Sabbath keeping, or trusting in God to care for His people, was a constant struggle all through the history of Israel. Sabbath breaking, or distrusting Jesus, was one of the issues that caused the Babylonian captivity (Jeremiah 17:19-27; Ezekiel 20:10-26). Eventually God sent them into Babylon in order for the land to keep Sabbath for 70 years (II Chronicles 36:11-21). When Israel came back from Babylon they still did not understand the magnitude of trusting in God and they continued to break the Sabbath (Nehemiah 13:15-22) and when Jesus arrived one of the things that He did was as the Lord of the Sabbath He displayed what real Sabbath keeping was about (Matthew 12; John 5, John 11). Jesus even went so far as to die on Friday, “rest” on His Sabbath, and resurrect and go back to work on the 1st day of the week – the first work day.

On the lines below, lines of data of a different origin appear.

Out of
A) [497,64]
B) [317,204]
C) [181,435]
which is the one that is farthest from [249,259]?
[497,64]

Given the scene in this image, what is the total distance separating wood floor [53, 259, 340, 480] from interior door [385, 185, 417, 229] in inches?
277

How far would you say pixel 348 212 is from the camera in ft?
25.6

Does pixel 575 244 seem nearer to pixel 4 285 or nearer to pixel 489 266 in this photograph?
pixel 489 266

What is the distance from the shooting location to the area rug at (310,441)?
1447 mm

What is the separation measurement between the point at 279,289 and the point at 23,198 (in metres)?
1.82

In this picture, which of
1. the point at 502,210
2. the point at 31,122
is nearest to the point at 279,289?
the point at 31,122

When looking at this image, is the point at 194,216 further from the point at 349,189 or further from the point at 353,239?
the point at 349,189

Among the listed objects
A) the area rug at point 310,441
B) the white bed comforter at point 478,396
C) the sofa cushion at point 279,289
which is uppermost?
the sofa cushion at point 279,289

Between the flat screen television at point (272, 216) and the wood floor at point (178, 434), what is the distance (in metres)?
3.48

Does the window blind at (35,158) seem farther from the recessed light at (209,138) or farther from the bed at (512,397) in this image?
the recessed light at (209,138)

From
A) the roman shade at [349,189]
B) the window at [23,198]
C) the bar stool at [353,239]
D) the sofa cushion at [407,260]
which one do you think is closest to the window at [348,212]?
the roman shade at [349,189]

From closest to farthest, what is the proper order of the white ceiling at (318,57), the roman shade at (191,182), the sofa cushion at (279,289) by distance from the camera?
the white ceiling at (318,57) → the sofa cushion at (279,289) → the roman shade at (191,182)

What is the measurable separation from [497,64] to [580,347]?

After Jesus’ death not one facet of the covenant agreement could be changed for a covenant contract can not be altered nor anything added or deleted (Galatians 3:15; Hebrews 9:16-17). So when Jesus died His disciples continued to observe His Sabbath according to God’s commandments (Luke 23:56) and according to His covenant of love for nothing had changed regarding His New Covenant requirements. His disciples continued to observe Sabbath and even the Gentiles in Asia understood much of the Sabbath and they sought that the Sabbath would be an ideal time to hear the gospel from Paul in Acts 13:14, 40-44. This continued on even to the time of John receiving visions on the Sabbath – God’s holy day (Isaiah 58:13).


An interesting issue seemed to spring up in the Galatians church and the church of Colossians and that there was salvation in the observance of keeping Sabbath as the way of salvation to the neglect of focusing on Christ and observing His ways and commandments out of love rather than works. In Colossians 2:14-17 there are concerns about the Sabbath as a way of saving oneself. Many people conclude that Sabbath is not one of the commandments of God any longer because they look for the Sabbath to be expressed in the style of the last six commandments as expressed in Romans 13:8-10. But the issue of Colossians 2 is outlined in verses 8, 18, 22 where Paul expresses that the commandments and traditions of men are not the standards of God. The 7th day Sabbath is not a shadow of things to come but a testimony of the fact that God is our Creator and demands our worship, and worship is required of God’s people forever and even in the new heavens and the new earth Sabbath will take place (Isaiah 66:23)


Now that we have a little better awareness of the 7th day Sabbath let us go back to Samson. The 30 companions had intimidated Samson’s wife to the point that she harassed Samson into telling her the answer to the riddle for she did not know Samson’s God and she tried to defend herself from her kinsmen by manipulation and compromise rather than by resting in the care of Jehovah – the Christ of I Corinthians 10:1-4 – the essence of Sabbath rest. Once she received the answer from the man of God, on God’s 7th day, then they took that information and answered the parable by works of deceit rather than by the awe of Jesus’ gospel. As a result of her cheat, she, as well as Samson, set in motion the early stages of the deliverance of Israel from submission to the Philistines. This is another aspect of Sabbath – deliverance from slavery to sin (Deuteronomy 5:12-15). This is the essence of the gospel parable that Samson shared during the marriage festival and that was proclaimed on that Sabbath day in Judges 14:18 for even though it was uttered through sinful mouths and unconverted hearts the gospel was still being spread through the world on God’s holy Sabbath day (Matthew 12:10-13).